Nous assistons à un revirement de la diplomatie française sur fond de projection de la crispation identitaire que connait le pays aujourd’hui. La nouvelle génération politique prend position pour Israël parce qu’elle s’associe d’avantage aux Israéliens de culture occidentale, tandis que les Palestiniens sont réduits aux islamistes du Hamas. C’est depuis cette logique que les nouveaux dirigeants français basent leurs décisions politiques, que les hauts fonctionnaires du Quai d’Orsay, au fait de l’histoire et de la complexité de la région, ont souvent du mal à comprendre. Ce revirement de la position française se fait également sentir à l’intérieur du Pays avec deux manifestations pro-palestinienne interdites par le ministre de l’intérieur. La France est ainsi le seul pays au monde à avoir interdit les manifestations de soutien à la Palestine. La raison officielle de l’interdiction de cette manifestation est les risques de trouble à l’ordre public, et les débordements d’actes antisémites.
La condamnation de la politique israélienne n’est en rien un acte raciste envers une religion.
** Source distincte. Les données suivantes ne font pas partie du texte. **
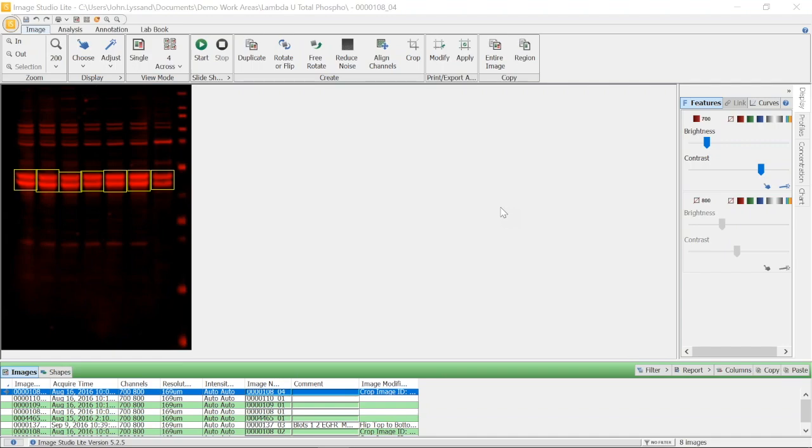Lanes 1 through 3 represent samples from non-induced cell lines, and lanes 4 through 6 represent samples from cells induced with EGF. The seventh lane is 10 micrograms from a Jurkat negative-control cell line, and the last lane is a molecular weight standard.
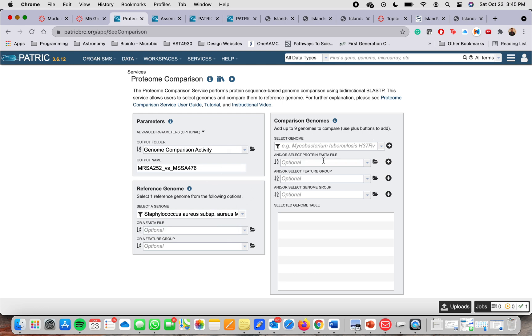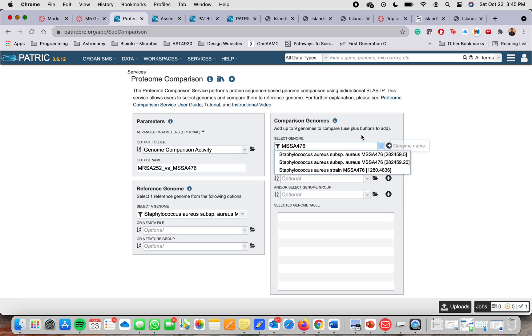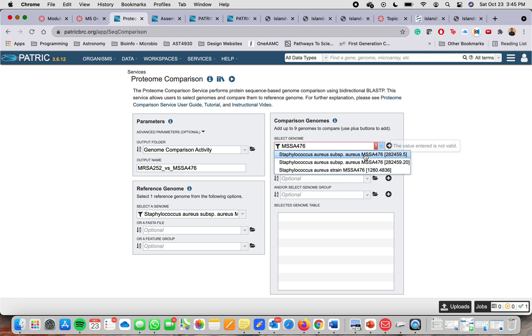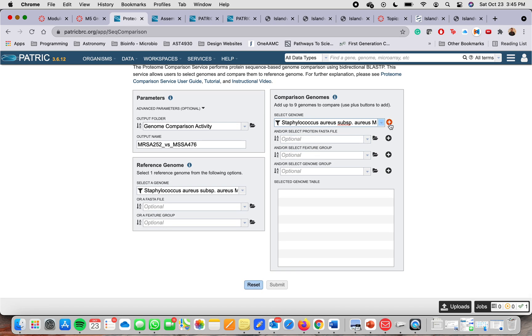So now in the comparison genome window, you have to specify the organism that you want to use to compare. So in our case, it's MSSA 476 and you're going to click here. And the first one, we have three different ones. I use the first one. And then, so you have the same options here. You can use the protein sequence in the FASTA format or two different options. Once you enter the name, you need to make sure that you click on the plus sign. So it is added here.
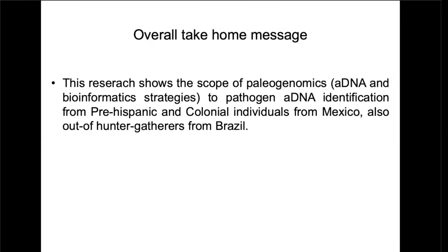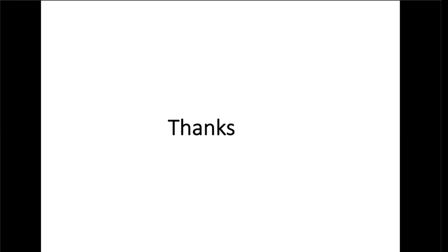The overall take-home message of this talk is that through ancient DNA and bioinformatics strategies, we were able to identify two pathogen DNAs — Tannerella forsythia and Salmonella enterica paratyphi C — and to understand more about their evolution and genetics, from pre-contact and colonial individuals from Mexico and from hunter-gatherers from Brazil. Further genomic characterization of ancient Tannerella forsythia genomes across the Americas will contribute to the understanding of the pathogenicity mechanisms of this pathogen. Thank you for listening, and I will be happy to answer questions through Slack or during the Q&A live sessions on Thursday.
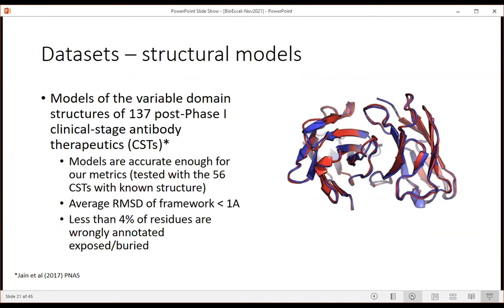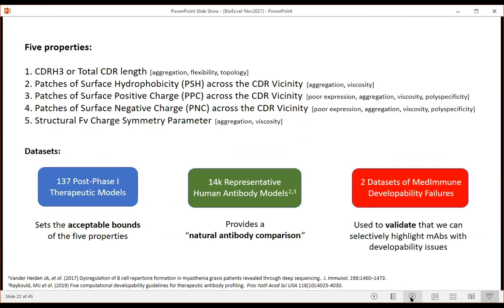The TAP dataset started with 137 post-phase-one clinical stage antibody therapeutics, with 56 having known structures showing average RMSD less than one angstrom - confirming models are reliable. The five properties assessed are: CDRH3 or total CDR length (related to aggregation, flexibility, topology), patches of surface hydrophobicity (aggregation, viscosity), patches of positive charge, patches of negative charge (poor expression, polyspecificity), and structural FV charge symmetry parameters.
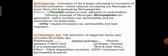Clotting system: activation of factor 12A leads ultimately to formation of thrombin activation, which cleaves circulating soluble fibrinogen to insoluble fibrin clot, generating fibrinopeptides. Effects of thrombin enhance leukocyte adhesion to endothelium. During cleavage of fibrinogen, fibrinopeptides are generated which increase vascular permeability and are chemotactic for leukocytes. Activated factor 10, that is factor 10A, causes increase in vascular permeability and leukocyte migration.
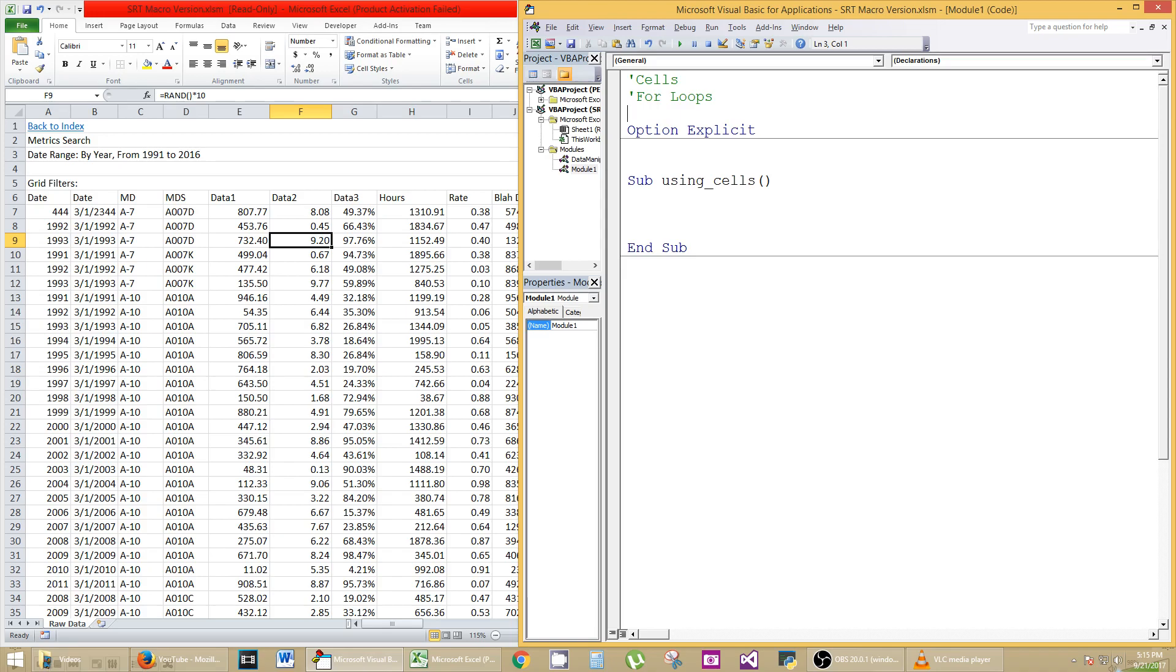Welcome to another VBA tutorial. I'm going to keep this one nice and short. It's going to talk about cells and for loops. Here's the example. I have option explicit, so I have to declare all of my variables before using them. And I created a sub called using cells.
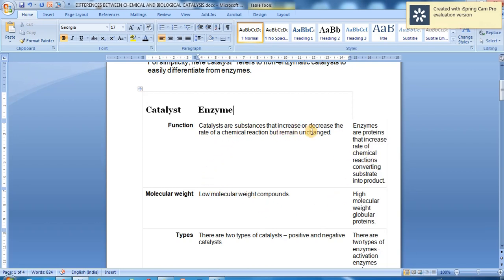Catalysts are substances that increase or decrease the rate of a chemical reaction but remain unchanged. Enzymes are proteins that increase the rate of chemical reactions, converting substrate into product.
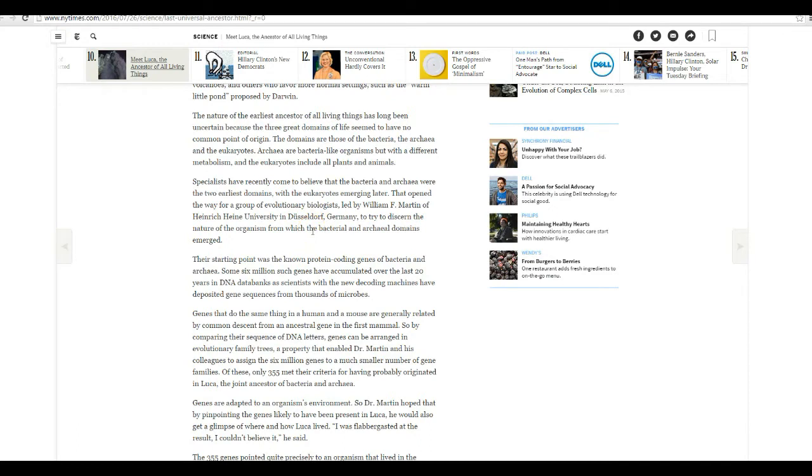Specialists have recently come to believe that bacteria and archaeal domains with the eukaryotes emerging later. That opened the way for a group of evolutionary biologists led by William F. Martin of Heinrich Heine University in Dusseldorf, Germany, trying to discern the nature of the organism from which bacterial and archaeal domains emerged. Their starting point was the known protein coding genes of bacteria and archaea. Some 6 million such genes have accumulated over the last 20 years in DNA data banks as scientists and new decoding machines have deposited gene sequences from thousands of microbes.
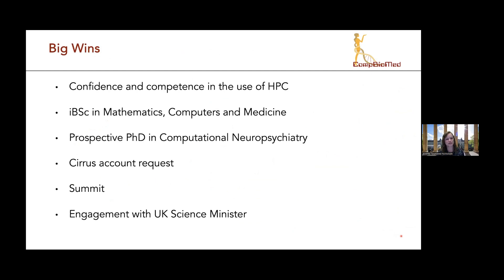In terms of benefits, it's fantastic to see students who have not seen the command line before become incredibly fluent and go off to find new ways to use these machines. We've had medical students start doing their bachelor's degrees in mathematics, computers, and medicine. We've had students on our SSC training program who want to complete medicine but do PhDs in computational neuropsychiatry — developing a whole new digital twin for the virtual human. We've even had students come back years later requesting their accounts to run MD simulations rather than genomics.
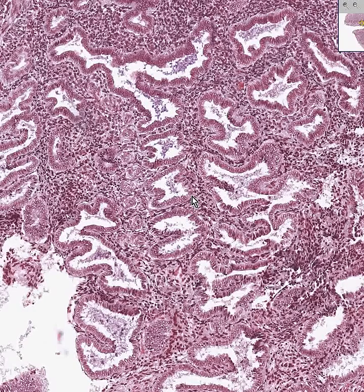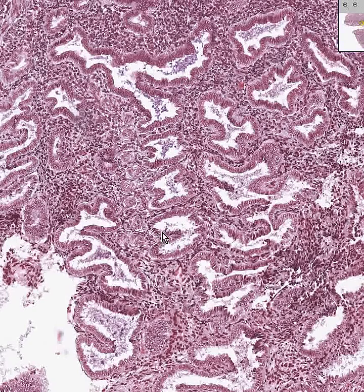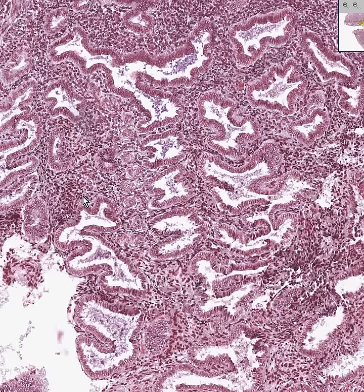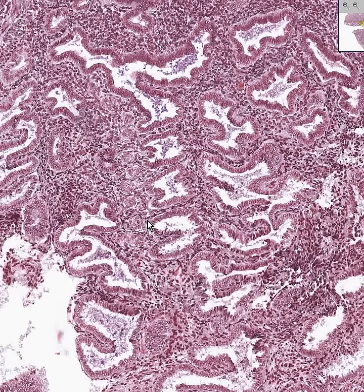Eventually, towards the end of the secretory period, there will be little sheets of decidual-looking cells here, which we don't see, and infiltration of neutrophils because the tissue is now sloughing to become a menstrual endometrium.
Il y a en France une confusion des genres que beaucoup d’intellectuels aiment entretenir. La question israélienne n’est pas la question israélite.
La distinction est en réalité simple à faire, elle se résume par une seule phrase du général de Gaulle.
En 1967, suite à une violente condamnation du président de Gaulle de la politique israélienne, le grand rabbin de France demanda à être reçu à l’Élysée, ce que le locataire des lieux accepta. Avant même que l’entretien ne commence, de Gaulle dit au rabbin, « si vous voulez me parler des Juifs de France je vous écoute, si vous voulez me parlez d’Israël j’ai un ministre des affaires étrangères pour cela ».
Par Anas Abdoun (Étudiant en Sciences politiques à l’Université de Montréal, candidat à une Maîtrise en Relations Internationales) pour Maghreb Canada Express, N°08, Volume Xii, Août 2014.